* [WORK INSTRUCTIONS]
Word for word, restate the lines of the data below between those holding "CWTBLS192-P_SQURE NECK RUFFLE" and "Dolce & Gabbana", inclusive; pictures do not belong in the copy.
─── PROVIDED ENTRIES ───
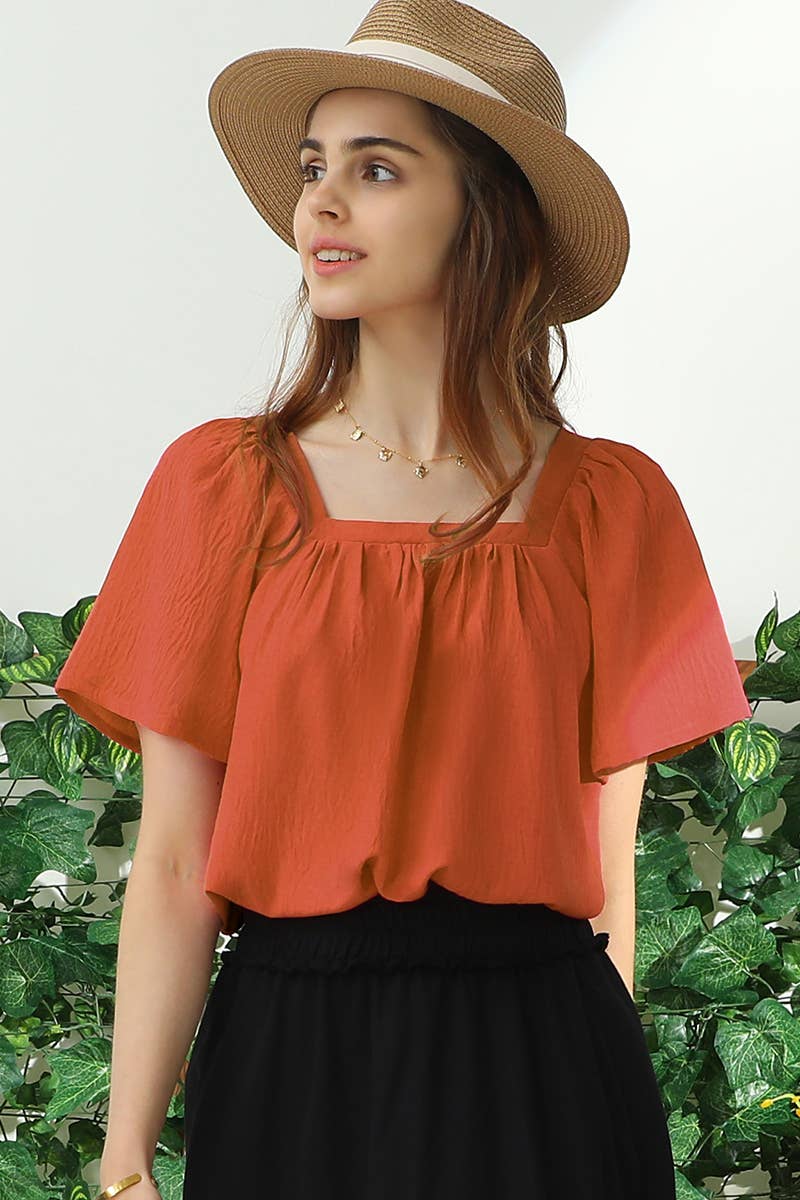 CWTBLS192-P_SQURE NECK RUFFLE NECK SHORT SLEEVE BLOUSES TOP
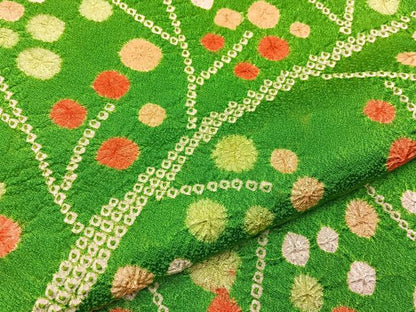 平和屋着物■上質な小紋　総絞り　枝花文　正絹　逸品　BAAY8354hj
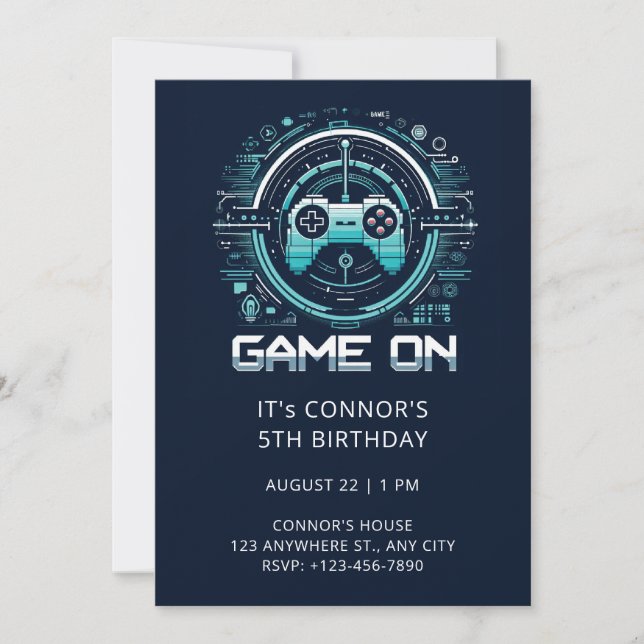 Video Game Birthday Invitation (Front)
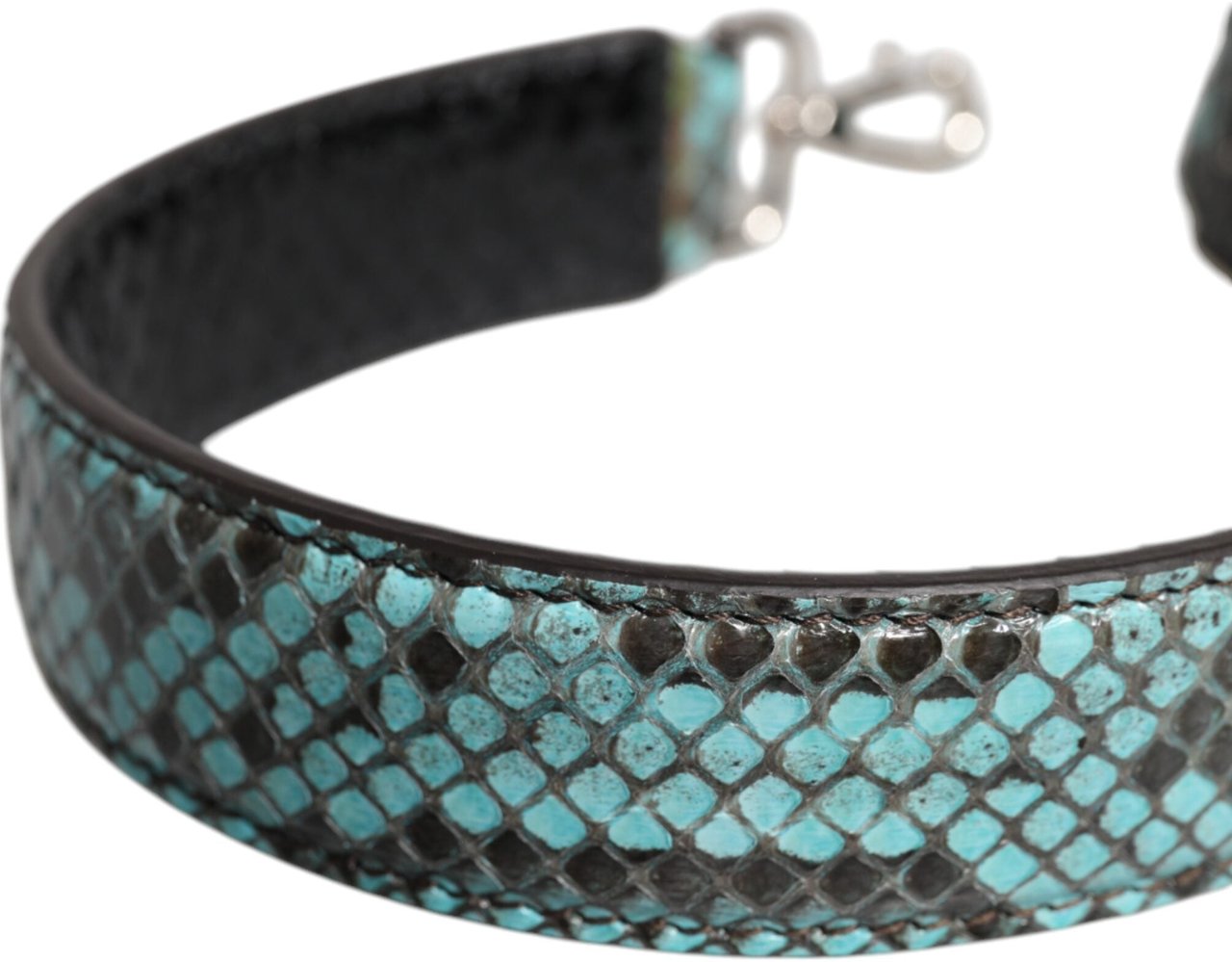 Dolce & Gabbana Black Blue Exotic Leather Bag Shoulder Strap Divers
───
─── PROVIDED ENTRIES ───
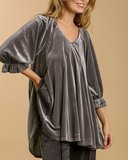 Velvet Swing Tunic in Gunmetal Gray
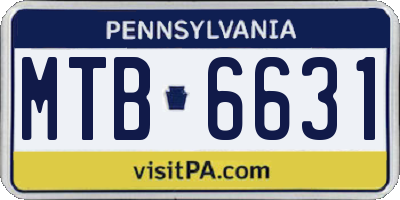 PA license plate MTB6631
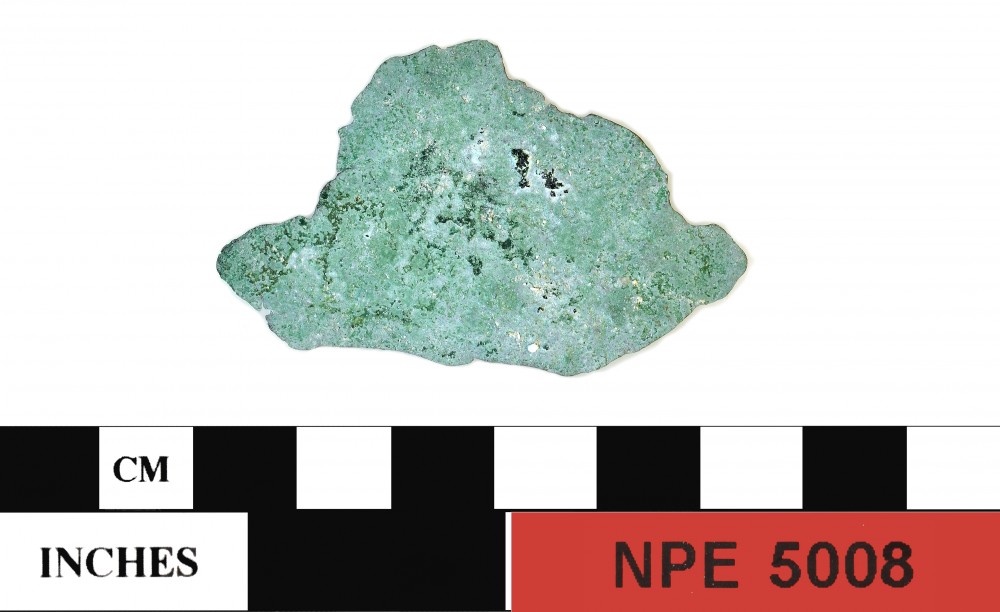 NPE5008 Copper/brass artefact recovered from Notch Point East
───
* [SOLUTION TO THIS PROBLEM]
 CWTBLS192-P_SQURE NECK RUFFLE NECK SHORT SLEEVE BLOUSES TOP
 平和屋着物■上質な小紋　総絞り　枝花文　正絹　逸品　BAAY8354hj
 Video Game Birthday Invitation (Front)
 Dolce & Gabbana Black Blue Exotic Leather Bag Shoulder Strap Divers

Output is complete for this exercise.